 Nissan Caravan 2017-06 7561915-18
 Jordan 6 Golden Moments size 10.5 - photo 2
--
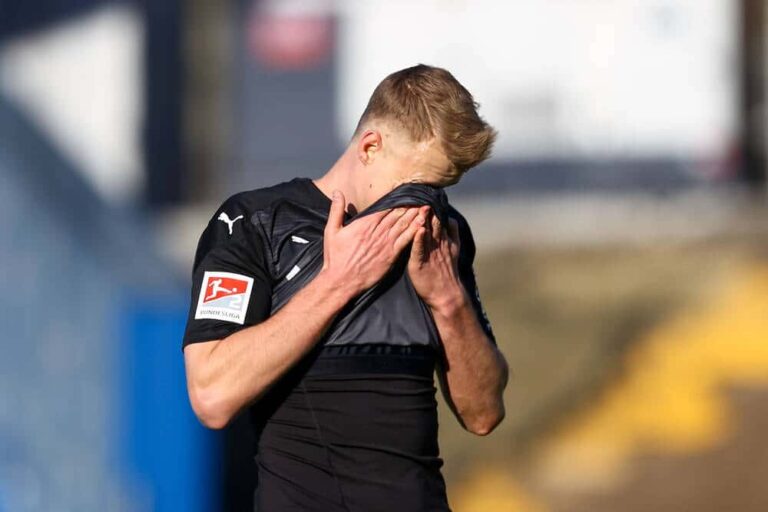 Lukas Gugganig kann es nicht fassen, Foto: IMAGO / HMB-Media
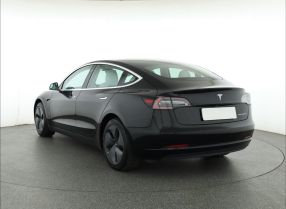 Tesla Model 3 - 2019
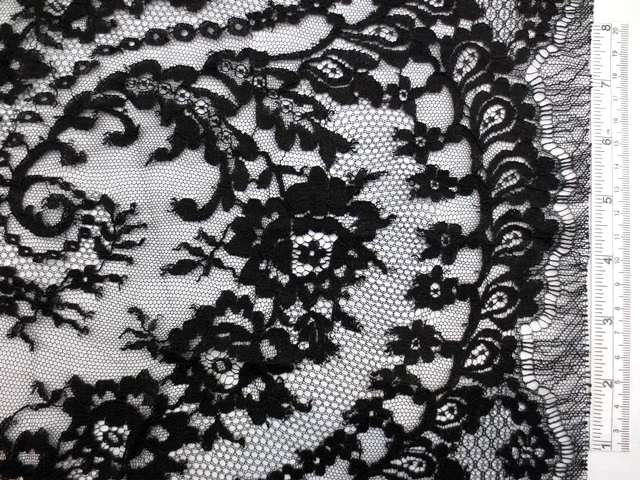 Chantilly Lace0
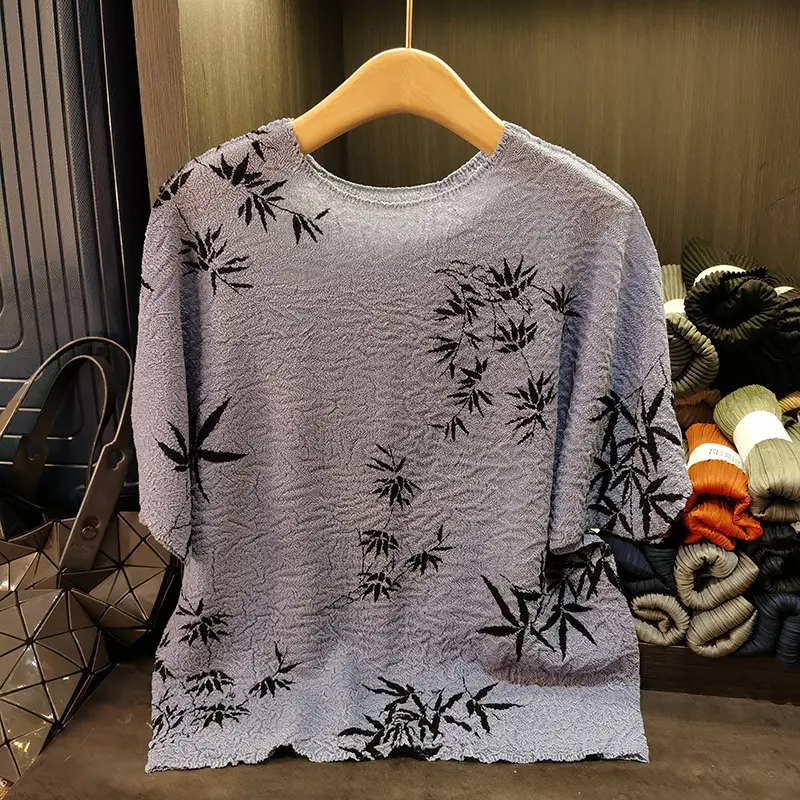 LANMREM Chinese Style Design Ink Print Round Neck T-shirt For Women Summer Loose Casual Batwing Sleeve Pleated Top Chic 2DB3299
--
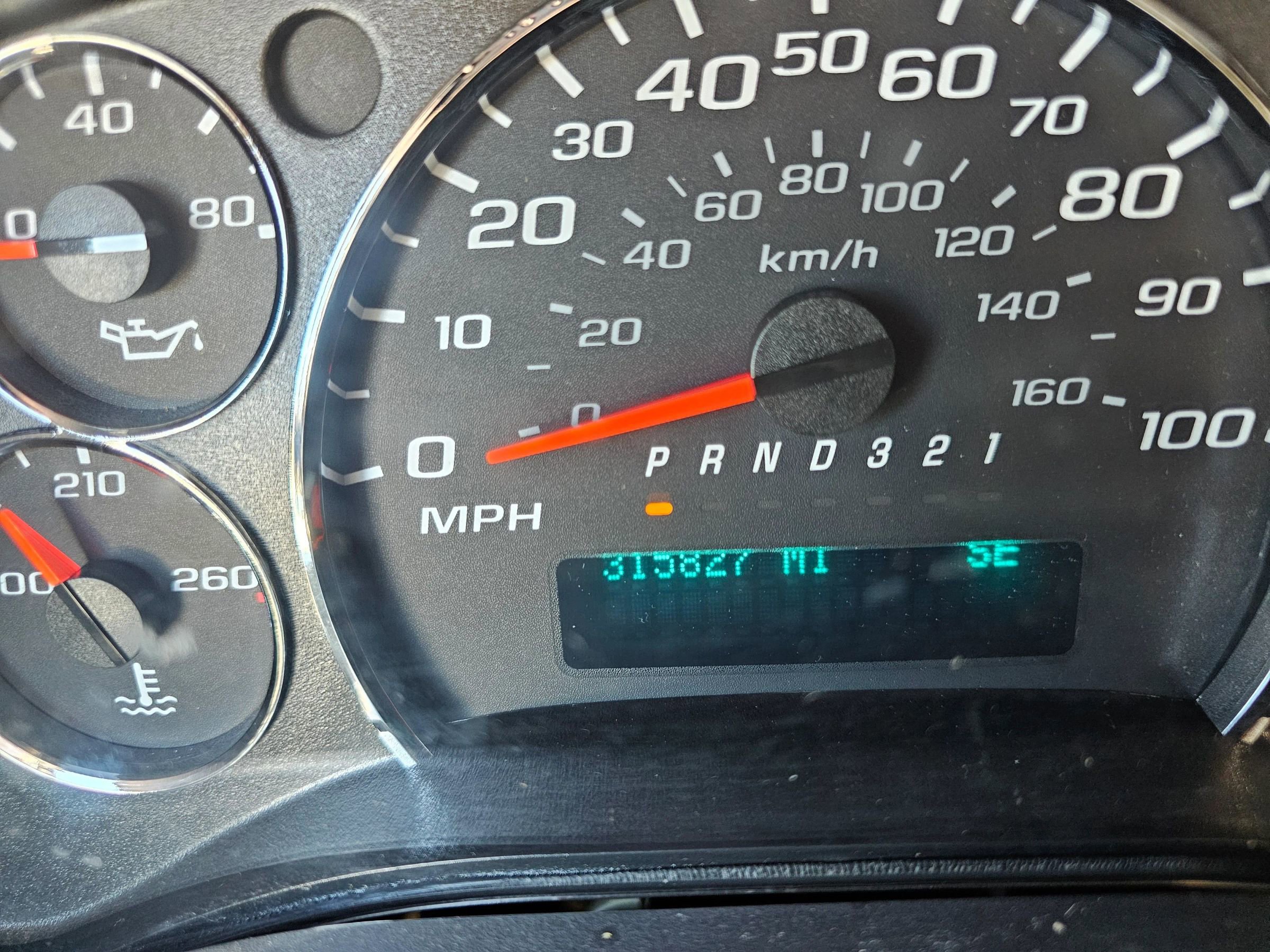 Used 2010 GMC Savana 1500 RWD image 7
--
§ ASSIGNED TASK:
In the listing above, find the line containing "Lukas Gugganig kann" and the line containing "LANMREM Chinese Style", then print exactly those two lines and every line between them, minus the pictures.

§ TASK RESPONSE:
 Lukas Gugganig kann es nicht fassen, Foto: IMAGO / HMB-Media
 Tesla Model 3 - 2019
 Chantilly Lace0
 LANMREM Chinese Style Design Ink Print Round Neck T-shirt For Women Summer Loose Casual Batwing Sleeve Pleated Top Chic 2DB3299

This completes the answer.